Would you repeat exactly the part of the listing below that runs from the line containing "Equipaje enmarcado con" down to the line containing "Spanish royals attend", inclusive, and nothing else?

______________________________

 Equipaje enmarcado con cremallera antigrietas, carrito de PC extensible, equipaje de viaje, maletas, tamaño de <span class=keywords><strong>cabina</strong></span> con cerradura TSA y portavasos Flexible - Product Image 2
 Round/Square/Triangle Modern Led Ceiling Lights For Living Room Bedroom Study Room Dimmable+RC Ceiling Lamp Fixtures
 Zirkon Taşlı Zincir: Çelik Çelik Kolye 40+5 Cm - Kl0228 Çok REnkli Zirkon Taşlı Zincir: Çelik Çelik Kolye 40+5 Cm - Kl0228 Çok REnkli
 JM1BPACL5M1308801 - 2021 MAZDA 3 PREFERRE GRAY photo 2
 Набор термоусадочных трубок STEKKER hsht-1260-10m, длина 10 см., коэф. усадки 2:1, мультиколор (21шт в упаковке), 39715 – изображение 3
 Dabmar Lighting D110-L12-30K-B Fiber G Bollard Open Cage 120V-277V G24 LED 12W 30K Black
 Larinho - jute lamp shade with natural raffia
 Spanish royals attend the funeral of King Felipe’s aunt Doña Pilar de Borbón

______________________________

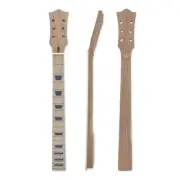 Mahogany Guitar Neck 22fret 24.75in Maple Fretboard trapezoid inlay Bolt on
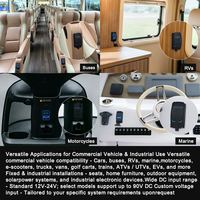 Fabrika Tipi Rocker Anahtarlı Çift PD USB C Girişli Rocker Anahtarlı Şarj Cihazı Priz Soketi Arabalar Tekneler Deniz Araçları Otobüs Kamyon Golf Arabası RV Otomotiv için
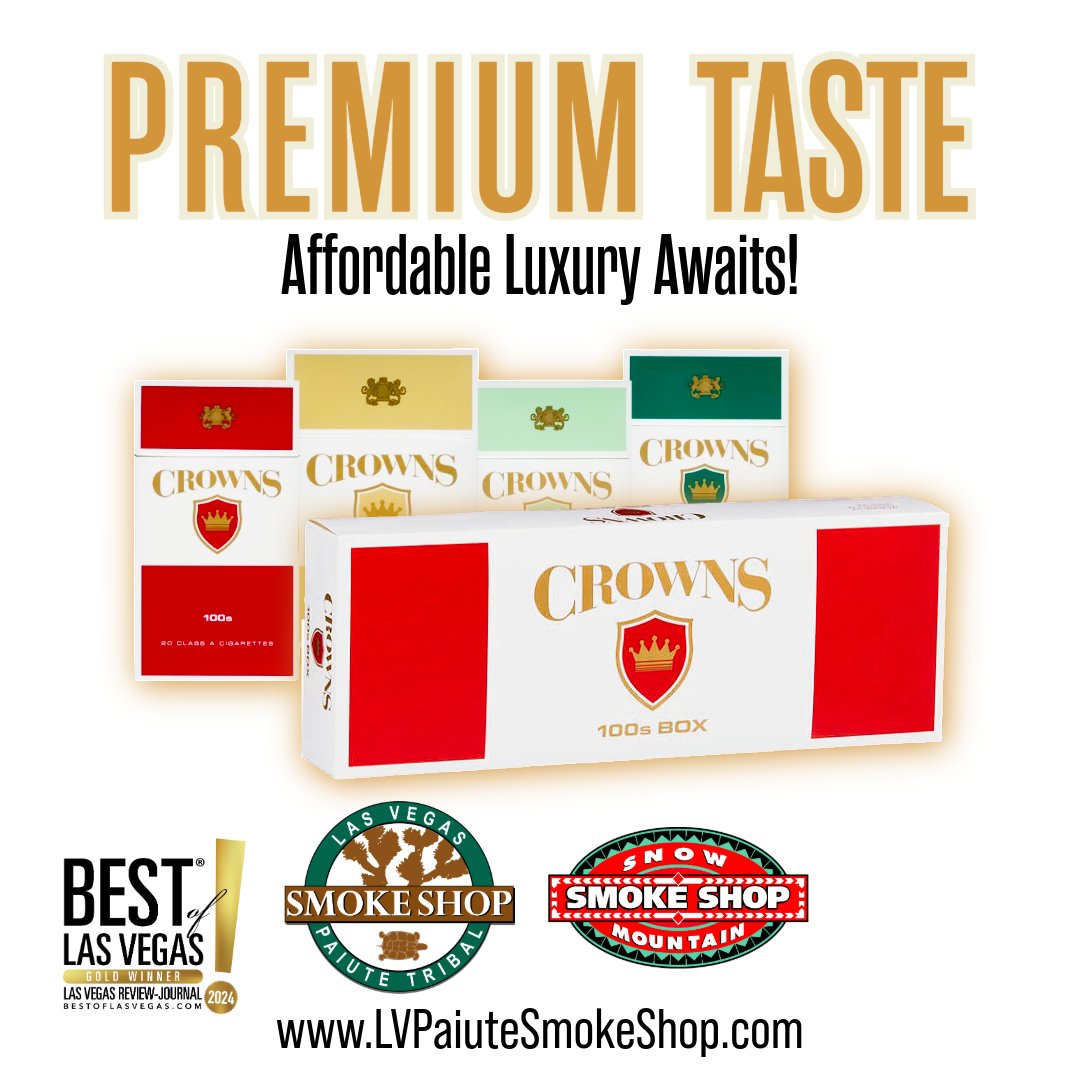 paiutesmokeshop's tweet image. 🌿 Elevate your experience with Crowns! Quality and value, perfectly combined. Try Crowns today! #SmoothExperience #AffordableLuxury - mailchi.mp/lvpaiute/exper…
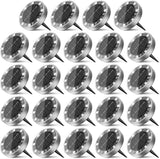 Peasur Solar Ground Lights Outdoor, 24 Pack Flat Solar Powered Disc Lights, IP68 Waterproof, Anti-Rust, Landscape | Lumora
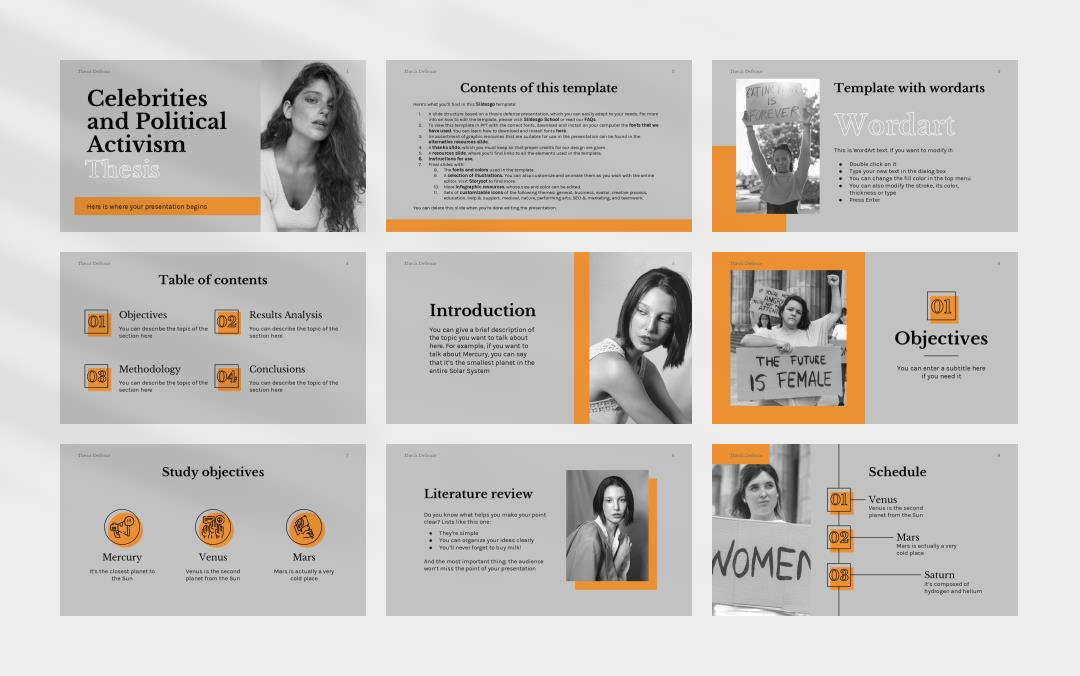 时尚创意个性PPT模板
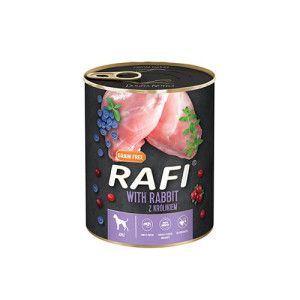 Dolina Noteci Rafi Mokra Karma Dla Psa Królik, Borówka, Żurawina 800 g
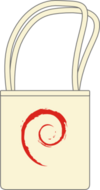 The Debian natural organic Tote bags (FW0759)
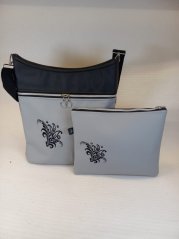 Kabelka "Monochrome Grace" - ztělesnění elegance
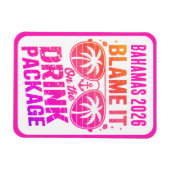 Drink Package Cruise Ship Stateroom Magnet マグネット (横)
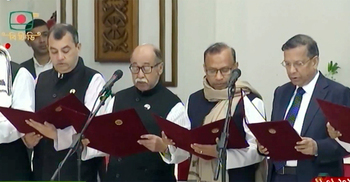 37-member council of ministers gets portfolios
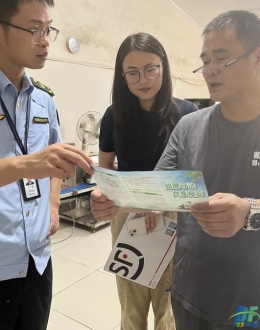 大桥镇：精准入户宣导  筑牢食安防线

______________________________

• [Result of this task]:
 Equipaje enmarcado con cremallera antigrietas, carrito de PC extensible, equipaje de viaje, maletas, tamaño de <span class=keywords><strong>cabina</strong></span> con cerradura TSA y portavasos Flexible - Product Image 2
 Round/Square/Triangle Modern Led Ceiling Lights For Living Room Bedroom Study Room Dimmable+RC Ceiling Lamp Fixtures
 Zirkon Taşlı Zincir: Çelik Çelik Kolye 40+5 Cm - Kl0228 Çok REnkli Zirkon Taşlı Zincir: Çelik Çelik Kolye 40+5 Cm - Kl0228 Çok REnkli
 JM1BPACL5M1308801 - 2021 MAZDA 3 PREFERRE GRAY photo 2
 Набор термоусадочных трубок STEKKER hsht-1260-10m, длина 10 см., коэф. усадки 2:1, мультиколор (21шт в упаковке), 39715 – изображение 3
 Dabmar Lighting D110-L12-30K-B Fiber G Bollard Open Cage 120V-277V G24 LED 12W 30K Black
 Larinho - jute lamp shade with natural raffia
 Spanish royals attend the funeral of King Felipe’s aunt Doña Pilar de Borbón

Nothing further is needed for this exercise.